Résultat : alors que l’arrivée d’Hugo Reus (Stade Rochelais) est attendue pour la saison prochaine, la direction girondine envisage déjà de tourner la page Carbery, dont le contrat arrive à échéance en juin 2025.
Quels impacts pour le Top 14 et le Stade Toulousain ?
Pour les passionnés du Top 14, cette probable sortie de route de Joey Carbery s’inscrit dans une logique de rationalisation des effectifs. Avec une saison dense entre championnat, Coupe d’Europe et doublons internationaux, les clubs ont besoin de joueurs immédiatement performants. Un luxe que Carbery, malgré toute son expérience, ne semble pas en mesure d’offrir à court terme.
Côté Stade Toulousain, cette situation est à observer de près. Si le club rouge et noir n’est pas directement concerné par le dossier Carbery, elle souligne toutefois une chose importante : trouver un numéro 10 capable de jouer sous la pression en Top 14 reste un défi. Avec Thomas Ramos de plus en plus utilisé à l’ouverture en l’absence de Ntamack (toujours en reprise après sa longue blessure de 2023), le Stade cherche aussi à équilibrer son effectif stratégique.
Un profil comme celui de Hugo Reus, jeune, précis, formé au niveau international avec les équipes de France jeunes, aurait pu parfaitement cadrer avec la politique de recrutement de Toulouse.
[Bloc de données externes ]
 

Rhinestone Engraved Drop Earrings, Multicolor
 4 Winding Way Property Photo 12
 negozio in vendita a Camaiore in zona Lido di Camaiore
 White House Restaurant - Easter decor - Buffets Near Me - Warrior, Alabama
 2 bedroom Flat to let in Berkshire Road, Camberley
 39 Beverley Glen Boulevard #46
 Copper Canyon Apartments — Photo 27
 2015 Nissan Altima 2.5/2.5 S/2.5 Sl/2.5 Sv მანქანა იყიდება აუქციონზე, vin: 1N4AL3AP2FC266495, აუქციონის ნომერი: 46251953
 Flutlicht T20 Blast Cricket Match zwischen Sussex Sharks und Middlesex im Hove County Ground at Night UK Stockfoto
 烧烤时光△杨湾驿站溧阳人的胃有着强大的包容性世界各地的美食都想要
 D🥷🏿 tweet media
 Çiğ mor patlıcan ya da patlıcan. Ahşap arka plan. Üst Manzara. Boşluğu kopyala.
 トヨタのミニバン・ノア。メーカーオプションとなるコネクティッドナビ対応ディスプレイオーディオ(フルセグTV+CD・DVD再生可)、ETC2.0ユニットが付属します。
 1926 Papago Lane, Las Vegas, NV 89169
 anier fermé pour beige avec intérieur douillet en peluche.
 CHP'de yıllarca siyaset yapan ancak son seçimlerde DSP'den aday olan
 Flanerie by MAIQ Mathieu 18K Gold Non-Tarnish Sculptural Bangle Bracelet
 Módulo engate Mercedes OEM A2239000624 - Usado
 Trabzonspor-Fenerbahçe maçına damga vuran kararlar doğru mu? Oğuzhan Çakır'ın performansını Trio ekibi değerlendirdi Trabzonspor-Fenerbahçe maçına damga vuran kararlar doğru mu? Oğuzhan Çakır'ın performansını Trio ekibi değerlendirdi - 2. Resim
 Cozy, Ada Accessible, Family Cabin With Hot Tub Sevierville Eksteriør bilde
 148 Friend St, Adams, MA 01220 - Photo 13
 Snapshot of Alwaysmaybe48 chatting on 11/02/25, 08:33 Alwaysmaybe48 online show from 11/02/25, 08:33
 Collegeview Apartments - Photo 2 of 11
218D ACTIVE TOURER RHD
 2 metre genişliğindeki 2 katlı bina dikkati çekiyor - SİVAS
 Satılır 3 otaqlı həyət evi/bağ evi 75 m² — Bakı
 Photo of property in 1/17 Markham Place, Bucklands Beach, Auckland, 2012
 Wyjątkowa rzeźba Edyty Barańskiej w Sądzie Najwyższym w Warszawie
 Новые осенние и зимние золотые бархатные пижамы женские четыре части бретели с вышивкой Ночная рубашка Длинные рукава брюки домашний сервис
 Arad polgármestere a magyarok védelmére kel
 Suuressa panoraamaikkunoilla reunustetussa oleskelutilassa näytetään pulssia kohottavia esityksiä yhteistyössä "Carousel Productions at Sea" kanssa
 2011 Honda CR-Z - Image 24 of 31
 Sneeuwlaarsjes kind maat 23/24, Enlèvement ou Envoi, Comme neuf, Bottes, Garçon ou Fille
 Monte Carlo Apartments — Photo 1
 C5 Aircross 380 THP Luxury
Ce dernier rejoindra pourtant l’UBB… au moment même où Carbery devrait en partir. Une ironie du calendrier qui pourrait profiter à La Rochelle et Toulouse, qui voient là leurs rivaux directs gérer une transition délicate à un poste-clé.
En parallèle, cette situation confirme les choix intelligents de la cellule recrutement toulousaine, qui préfère miser sur la formation interne ou des renforts ciblés (comme le retour annoncé de Zack Holmes au centre). Avec une base stable et des leaders de jeu identifiés (Ntamack, Ramos, Dupont), le Stade évite le piège des recrutements clinquants mais risqués.
Conclusion : un départ programmé avec des répercussions au-delà de Bordeaux
À moins d’un renversement de situation spectaculaire, Joey Carbery devrait quitter l’aventure Top 14 à l’issue de cette saison 2024-2025. Un an après son arrivée, le numéro 10 irlandais n’a pas réussi à répondre aux exigences du championnat français. Son probable départ symbolise aussi les défis d’intégration des stars étrangères dans un championnat aussi dense que le Top 14.
Pour Toulouse, cette actualité est un signal sur la concurrence : renforcer efficacement ses lignes, former ses jeunes, éviter les paris incertains. C’est aussi un rappel – s’il en fallait un – que sur les terrains du rugby hexagonal, seule la cohérence de projet paie sur la durée.